Print the whole listing below exactly, skipping every picture.

Source data:

━━━━━━━━━━

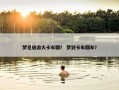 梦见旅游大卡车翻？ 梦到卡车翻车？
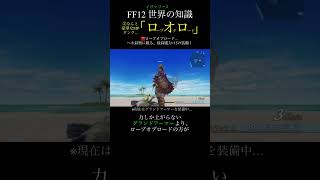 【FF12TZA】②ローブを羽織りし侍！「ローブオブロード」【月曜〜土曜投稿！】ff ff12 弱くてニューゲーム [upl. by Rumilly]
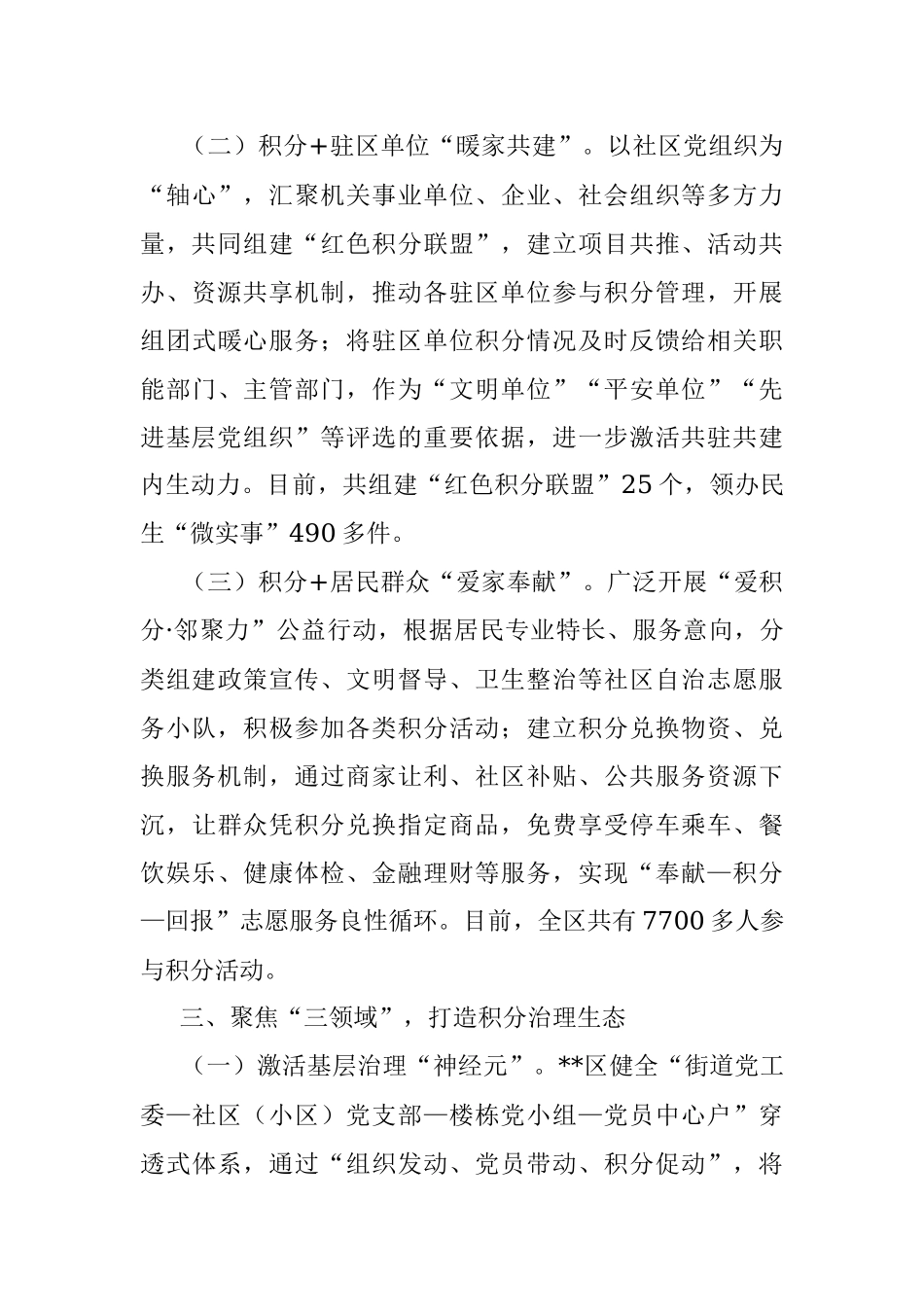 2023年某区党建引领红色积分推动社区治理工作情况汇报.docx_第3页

━━━━━━━━━━

Answer to the exercise:
 梦见旅游大卡车翻？ 梦到卡车翻车？
 【FF12TZA】②ローブを羽織りし侍！「ローブオブロード」【月曜〜土曜投稿！】ff ff12 弱くてニューゲーム [upl. by Rumilly]
 2023年某区党建引领红色积分推动社区治理工作情况汇报.docx_第3页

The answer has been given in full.